PROVIDED ENTRIES below:

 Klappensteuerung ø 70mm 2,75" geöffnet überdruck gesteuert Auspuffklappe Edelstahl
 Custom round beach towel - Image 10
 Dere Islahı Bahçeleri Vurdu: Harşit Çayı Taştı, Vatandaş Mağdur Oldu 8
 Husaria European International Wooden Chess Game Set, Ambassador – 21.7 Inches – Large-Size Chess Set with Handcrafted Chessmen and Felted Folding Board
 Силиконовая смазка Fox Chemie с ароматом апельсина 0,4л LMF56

End of PROVIDED ENTRIES.

Go through the records and copy each one exactly.

§ WRITTEN RESPONSE
 Klappensteuerung ø 70mm 2,75" geöffnet überdruck gesteuert Auspuffklappe Edelstahl
 Custom round beach towel - Image 10
 Dere Islahı Bahçeleri Vurdu: Harşit Çayı Taştı, Vatandaş Mağdur Oldu 8
 Husaria European International Wooden Chess Game Set, Ambassador – 21.7 Inches – Large-Size Chess Set with Handcrafted Chessmen and Felted Folding Board
 Силиконовая смазка Fox Chemie с ароматом апельсина 0,4л LMF56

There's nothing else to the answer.